これは横糸を赤や青に染めて乱れ織りにしたもので、絹と麻を同時に織るという、現代でも難しいとされる高度な技術が用いられていたそうです。
美しい織物は、神さまを祀るときの最高の供え物の一つであったとされています。
アメノハヅチオは、そんな貴重で神聖な織物を生み出す、機織りの神さまとして活躍したのです。
だから倭文神とも呼ばれるのね
「倭文織」と言えば、古代の高級織物だったのじゃ
他にもいるよ、「織物」の神さま
武勇の誉れ高い刀剣の神さまでも抑えきれなかった星の神を征服し、単なる優男ではないことを見せつける
美しい織物を生み出し、「天岩戸」事件の解決に一役買ったアメノハヅチオ。
そんな彼には、比較的線の細い、優し気な文化部系イケメンのイメージが付いているのではないでしょうか。
しかし、アメノハヅチオは『国譲り神話』(『日本書紀』ver.)にも登場しており、そこでは一転して、武力に優れた強面な一面を見せています。
さっそくいってみよう!
天の世界である高天原に対して、地上の世界は葦原中国と呼ばれ、そこには国津神という神々が暮らしていました。
地上世界は大国主神という国津神の大物が取り仕切っており、天界ほど秩序が行き届いていないにしても、出雲の地を中心に大いに栄えていたようです。
天の世界も地上の世界もそれぞれに繫栄していたのですが、ある日突然、高天原の最高司令官として名高い高御産巣日神がとあるプランを思いつきます。
地上の世界は、我が孫の邇邇芸命に治めさせたろう
唐突に葦原中国の支配を目論んだ高御産巣日は、まずは荒れた地上を平定して愛する孫にプレゼント出来る状態にするために、有能な神さまを現地に派遣します。
紆余曲折はありながらも地上の平定は概ね完了しますが、なかには最後まで抵抗して服従しない「まつろわぬ者たち」も存在しました。
彼らをシバきあげて最後の仕上げとするために派遣されたのが、武勇の誉れ高い刀剣の神さまである建御雷之男神と経津主神の2柱です。

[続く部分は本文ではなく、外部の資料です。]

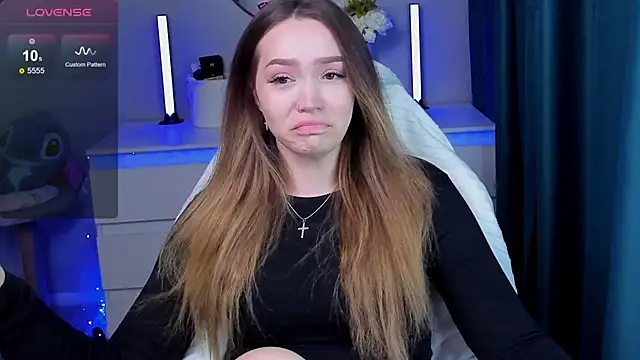 Snapshot of Evia_r0se chatting on October 19, 2025, 1:56 pm Evia r0se online show from October 19, 2025, 1:56 pm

両名は怒涛の暴力で従わぬ神々を屈服させていきますが、この2柱をもってしても言う事を聞かない頑固者がいました。
それが天津甕星、またの名を天香香背男ともいう星の神さまです。
詳しい経緯は記されていませんが、彼らの代わりに討伐に派遣されることになったのが今回の主人公、アメノハヅチオでした。
えっ、わし!?
物理特化の脳筋パーティでは上手くいかなかったので、器用な手先で搦め手を使ってくれそうな彼が選ばれたのかもしれません。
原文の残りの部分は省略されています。